Problem details.
In the material below, the required lines run from the one containing "los trabajos. Excavadora" through the one containing "Hotel Lava Beach 1". Copy those lines exactly, ends included, and nothing else.

Data for analysis.
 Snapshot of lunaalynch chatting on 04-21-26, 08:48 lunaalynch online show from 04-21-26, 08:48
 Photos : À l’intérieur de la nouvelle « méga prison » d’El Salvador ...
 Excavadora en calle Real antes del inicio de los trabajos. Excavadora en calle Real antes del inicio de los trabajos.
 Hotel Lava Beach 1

---

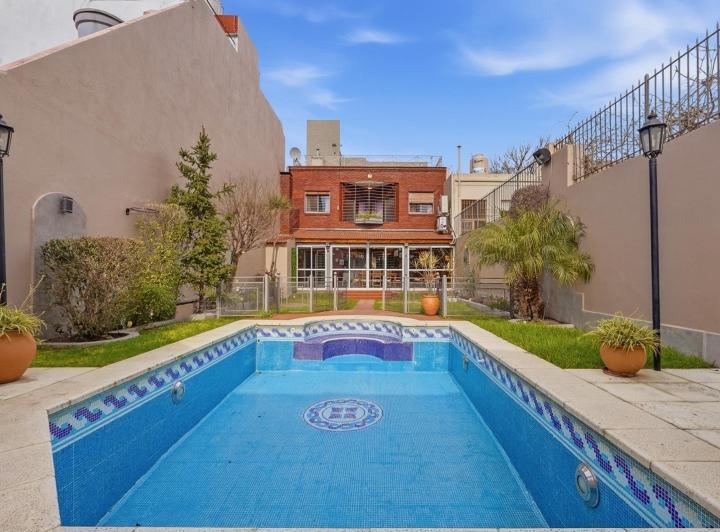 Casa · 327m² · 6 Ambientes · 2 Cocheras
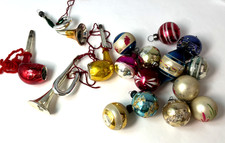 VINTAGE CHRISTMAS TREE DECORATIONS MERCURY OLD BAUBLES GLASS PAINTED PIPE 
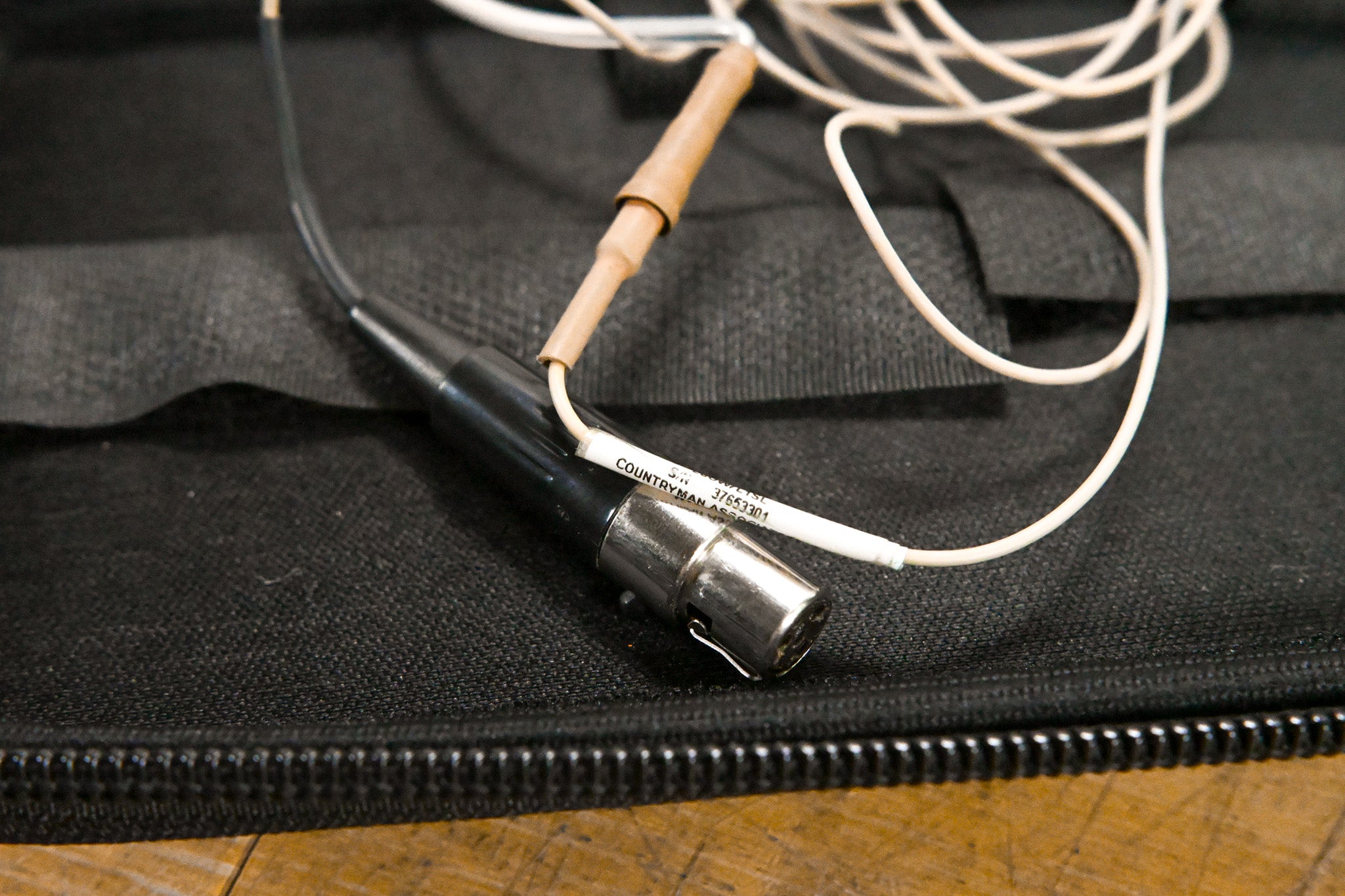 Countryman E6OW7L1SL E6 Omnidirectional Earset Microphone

--

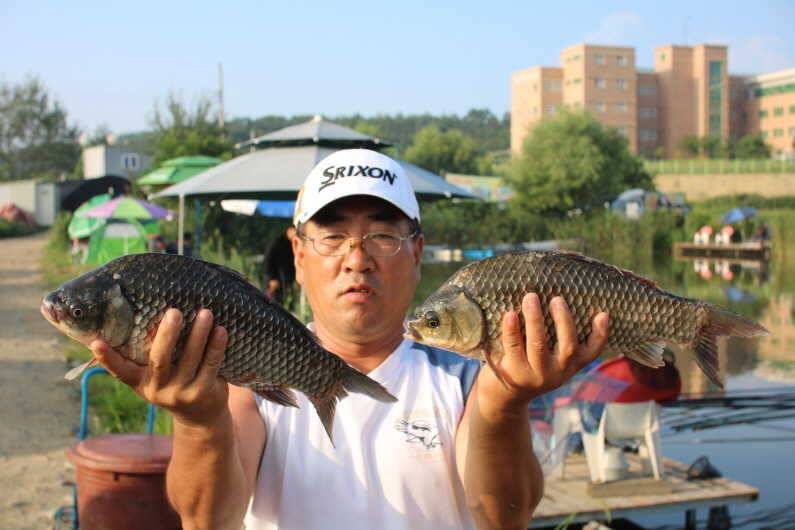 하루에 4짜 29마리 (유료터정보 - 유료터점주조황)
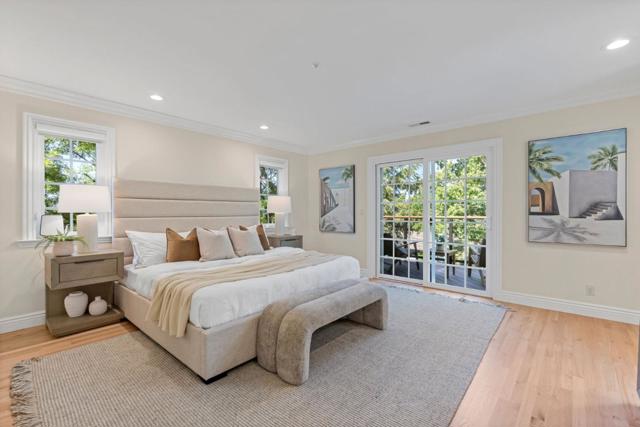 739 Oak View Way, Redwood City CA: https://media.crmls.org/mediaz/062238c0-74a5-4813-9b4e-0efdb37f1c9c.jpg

Answer to the problem.
 Excavadora en calle Real antes del inicio de los trabajos. Excavadora en calle Real antes del inicio de los trabajos.
 Hotel Lava Beach 1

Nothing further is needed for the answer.